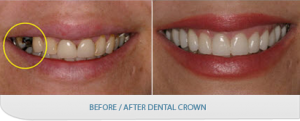 dental-crown-before-after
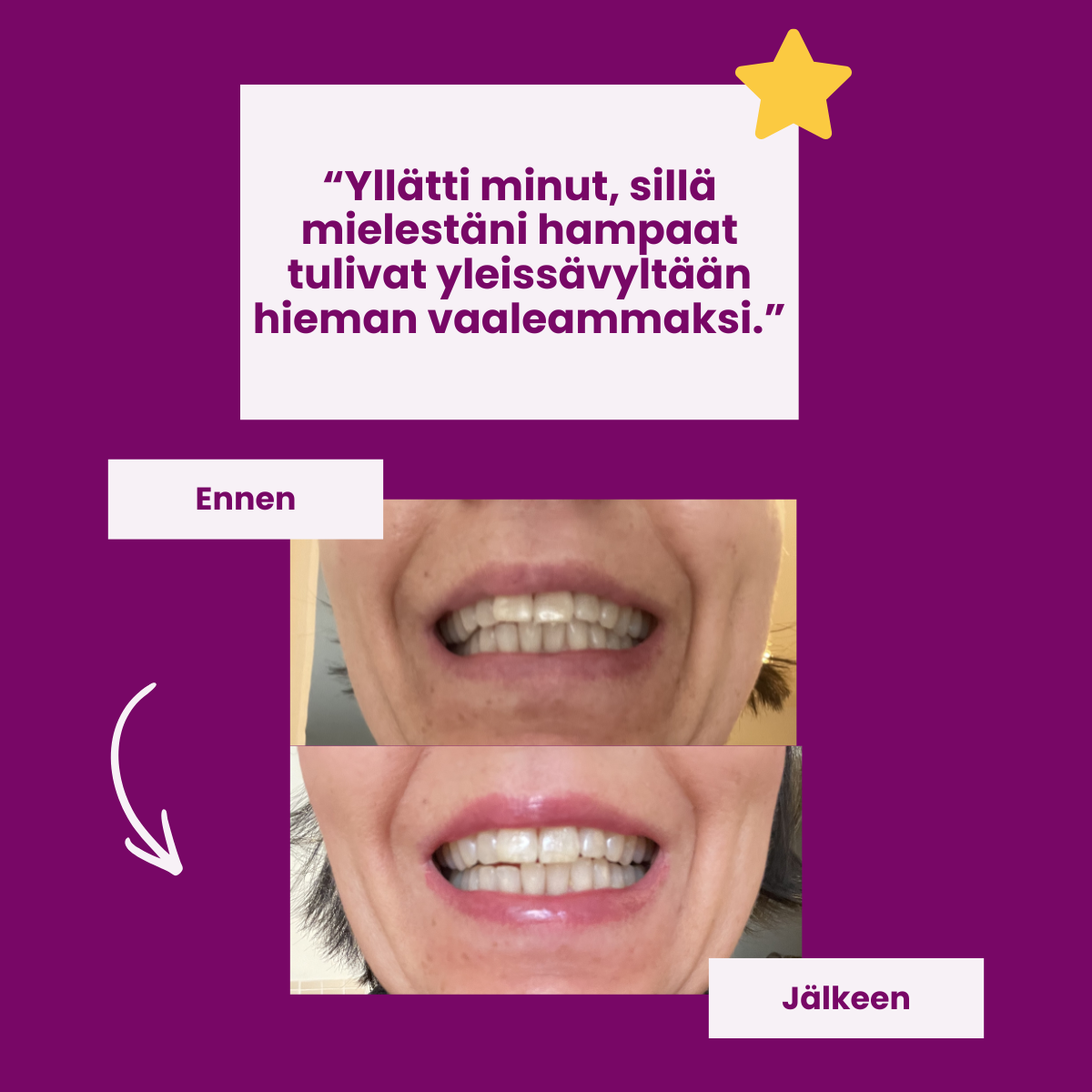 Before and after photos showing the results of a teeth whitening treatment, with a customer testimonial in Finnish.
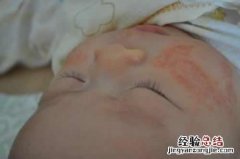 宝宝湿疹结痂了怎么办 婴儿湿疹结痂怎么处理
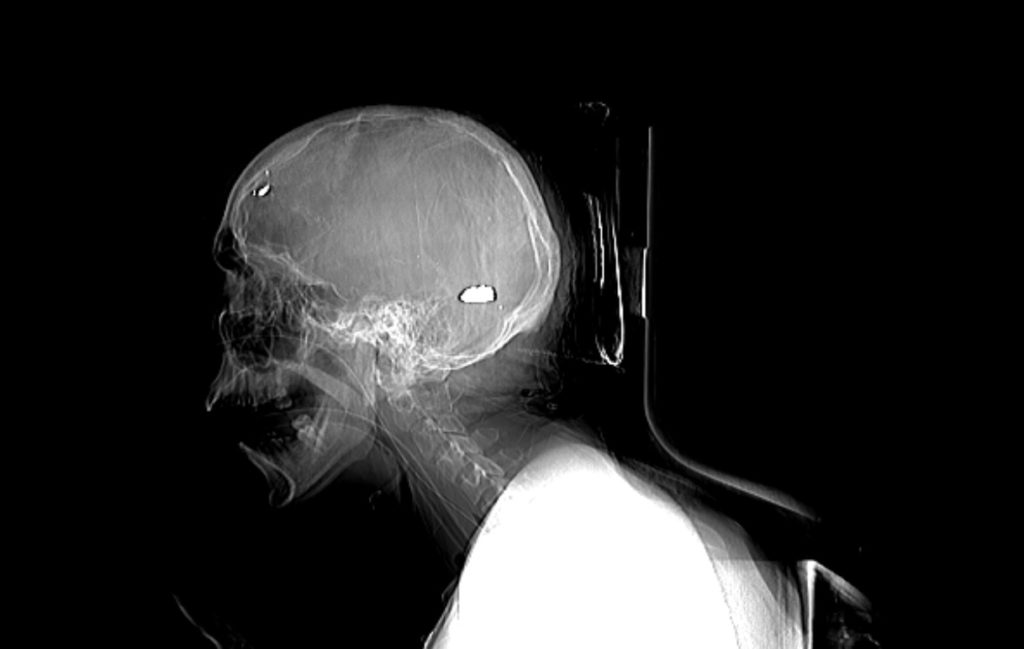 Disparo con trayectoria de arriba hacia abajo. Ingresó en la frontal-derecho hacia la región parieto-occipital. El proyectil de AK quedó alojado en la línea media del cerebro (Fuente: Confidencial).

> DIRECTIONS
Write down exactly the lines running from the line with "宝宝湿疹结痂了怎么办 婴儿湿疹结痂怎么处理" through the end of the material, both ends included, and none of the pictures.

> REPLY TO THE EXERCISE
 宝宝湿疹结痂了怎么办 婴儿湿疹结痂怎么处理
 Disparo con trayectoria de arriba hacia abajo. Ingresó en la frontal-derecho hacia la región parieto-occipital. El proyectil de AK quedó alojado en la línea media del cerebro (Fuente: Confidencial).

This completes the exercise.